▸ Task data:
^^^^^^^^

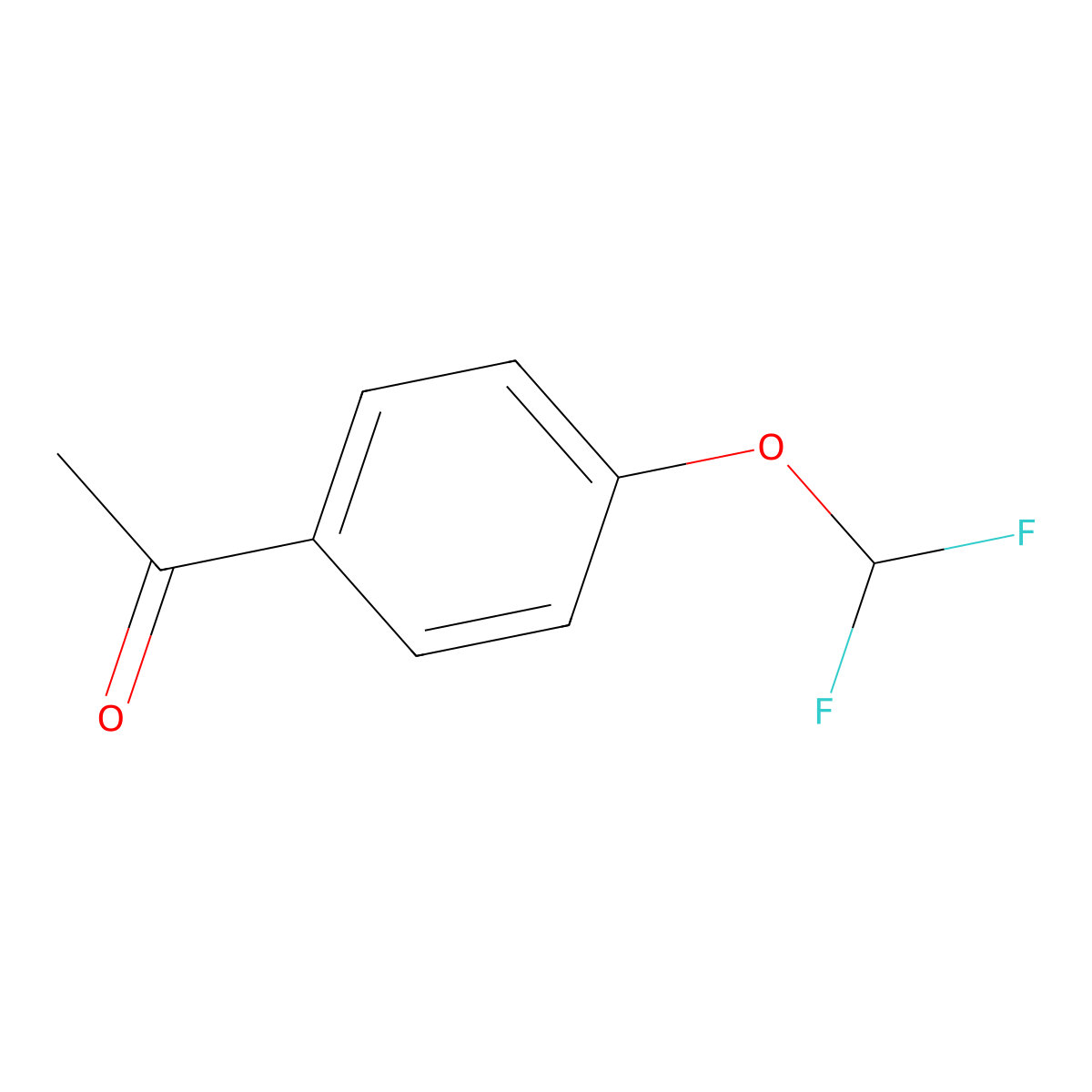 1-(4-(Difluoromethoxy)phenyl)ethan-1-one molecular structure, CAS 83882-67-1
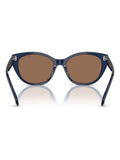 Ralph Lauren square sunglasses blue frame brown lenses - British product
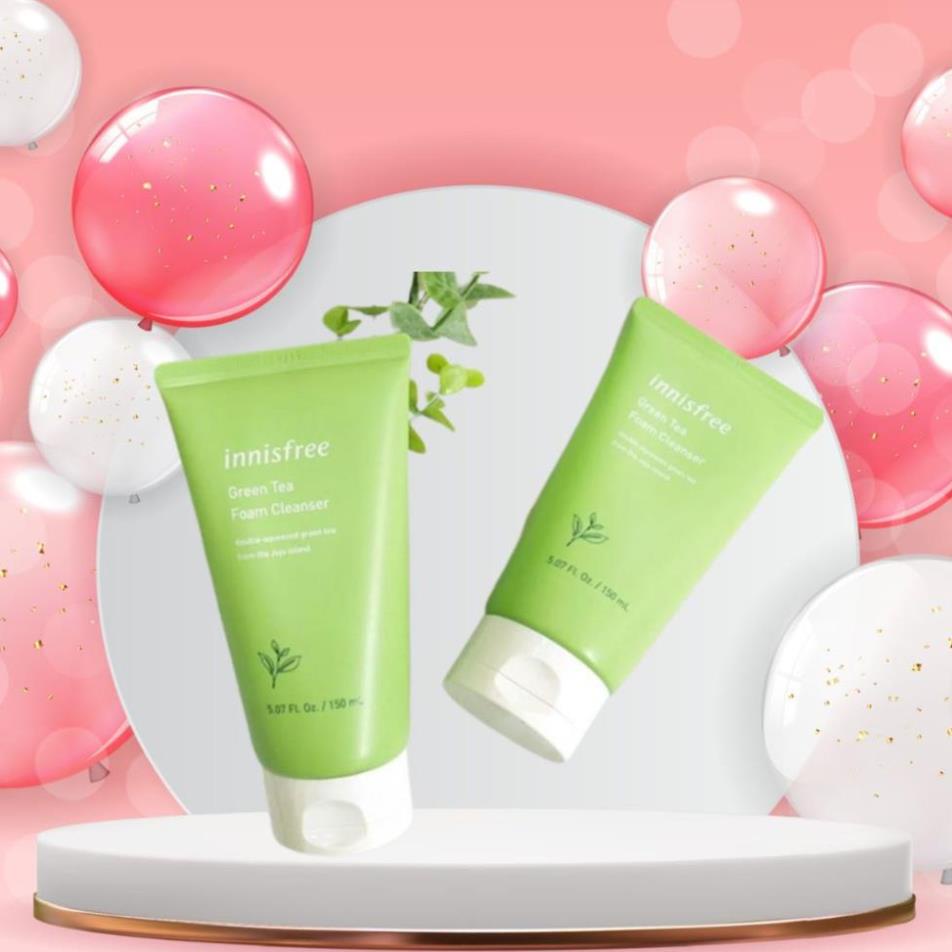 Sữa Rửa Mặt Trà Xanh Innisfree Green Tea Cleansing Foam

^^^^^^^^

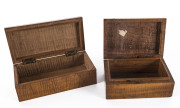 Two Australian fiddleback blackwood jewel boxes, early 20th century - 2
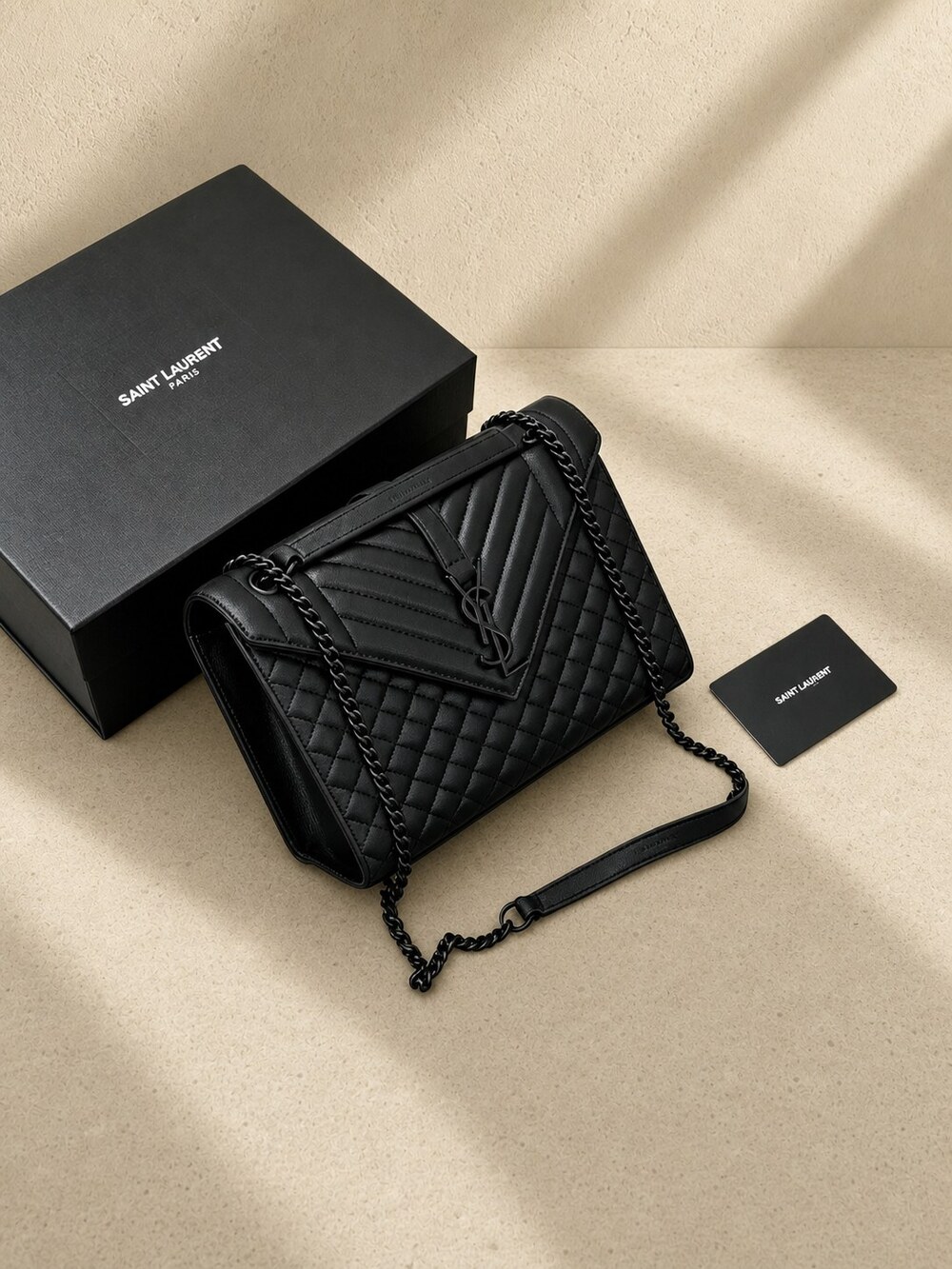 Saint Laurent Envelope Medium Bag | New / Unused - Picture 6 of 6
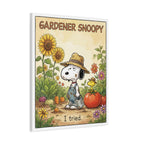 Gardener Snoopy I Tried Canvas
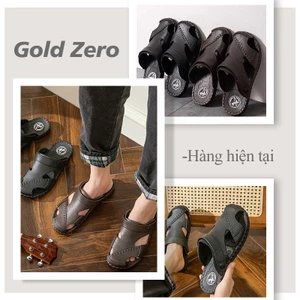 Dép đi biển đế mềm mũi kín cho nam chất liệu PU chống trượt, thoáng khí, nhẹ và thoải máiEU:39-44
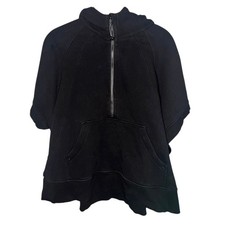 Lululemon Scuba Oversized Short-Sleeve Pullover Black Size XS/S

^^^^^^^^

▸ Task description: Repeat exactly the lines above, from the line that contains "structure, CAS 83882-67-1" down through the line that contains "Sữa Rửa Mặt". Include both of those lines and none of the pictures.

▸ Reply to the exercise:
 1-(4-(Difluoromethoxy)phenyl)ethan-1-one molecular structure, CAS 83882-67-1
 Ralph Lauren square sunglasses blue frame brown lenses - British product
 Sữa Rửa Mặt Trà Xanh Innisfree Green Tea Cleansing Foam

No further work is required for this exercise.